Motivational Mechanism: People are motivated to express rhetoric. Rhetoric enables us to engage in consensus or disputation about objects (39). Types of rhetorical practices (41):

  • Realist (objectivist): asserts things that are not, or could not be in doubt (i.e., Death and Furniture) (42); posit a bedrock of reality; a bottom line(26)
  • Relativist (social constructionist): Insists that there is always, or can always be an argument (42); talk about the social construction of reality, truth, cognition, scientific knowledge, technical capacity, social structure and so on (26)

A convincing plea towards an intellectual position involves the use of rhetoric, politics, and theology (42).

‘Death’ and ‘Furniture’ are emblems for two very common objections to relativism. (26) “They operate as icons of transcendent truth beyond (de)construction.” (32)

  • Death (misery, genocide, poverty, power) is the reality that should not be denied.(26)
  • Furniture (tables, rocks, stones, etc.) is the reality that cannot be denied. (26)

“The appeal of these things is that they are external to the talk, available to show that it is just talk, that there is another world beyond, that there are limits to the flexibility of descriptions.” (26)

“The Furniture argument invokes the objective world as given, as distinct from processes of representation; as directly apprehended, independent of any particular description.” (26)

*The Realist Dilemma: “The very act of producing a non-represented, unconstructable external world is inevitably representational, threatening, as soon as it is produced, to turn around upon and counter the very position it is meant to demonstrate.” (27)

*The Relativist Dilemma: “While realists shoot themselves in the foot as soon as they represent, relativists do so as soon as they argue.
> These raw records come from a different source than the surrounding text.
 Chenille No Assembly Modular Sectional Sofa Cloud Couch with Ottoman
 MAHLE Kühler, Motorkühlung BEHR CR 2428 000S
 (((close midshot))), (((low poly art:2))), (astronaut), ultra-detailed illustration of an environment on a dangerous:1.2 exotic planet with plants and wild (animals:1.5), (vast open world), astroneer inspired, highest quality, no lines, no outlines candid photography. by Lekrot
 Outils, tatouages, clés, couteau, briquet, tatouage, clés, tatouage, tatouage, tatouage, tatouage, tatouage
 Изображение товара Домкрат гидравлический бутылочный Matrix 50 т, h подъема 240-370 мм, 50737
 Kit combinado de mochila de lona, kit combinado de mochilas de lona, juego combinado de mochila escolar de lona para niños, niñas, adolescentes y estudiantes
To argue for something is to care, to be positioned, which is immediately non-relativist.” (39)

Arguments:

  • “Reality takes on an intrinsically human dimension, and the most that can be claimed for it is an ‘experiential realism’.” (29)
  • Realistic rhetoric works by deploying semantic prototypes to represent an idealized and realistic general knowledge and by having these representations masquerade as what everyone would have to agree to say about a specific event. (31)
  • Intentional states logically precede the real status of objects. (30)
  • Realism relies on the audience’s cooperation in commonsensically ignoring how it is done. (29)
  • “It is a kind of trickery when writers introduce reality in the form of specific descriptions of it, and then kick away the textual ladder and ask us to consider the thus-described reality as out-there.” (31)
  • Realism is a demonstration not so much of out-there reality, but rather of the workings of consensual common sense. (30)
  • Scientists deploy empiricism and sociologists do the same if they are apathetic to reflexivity. (31)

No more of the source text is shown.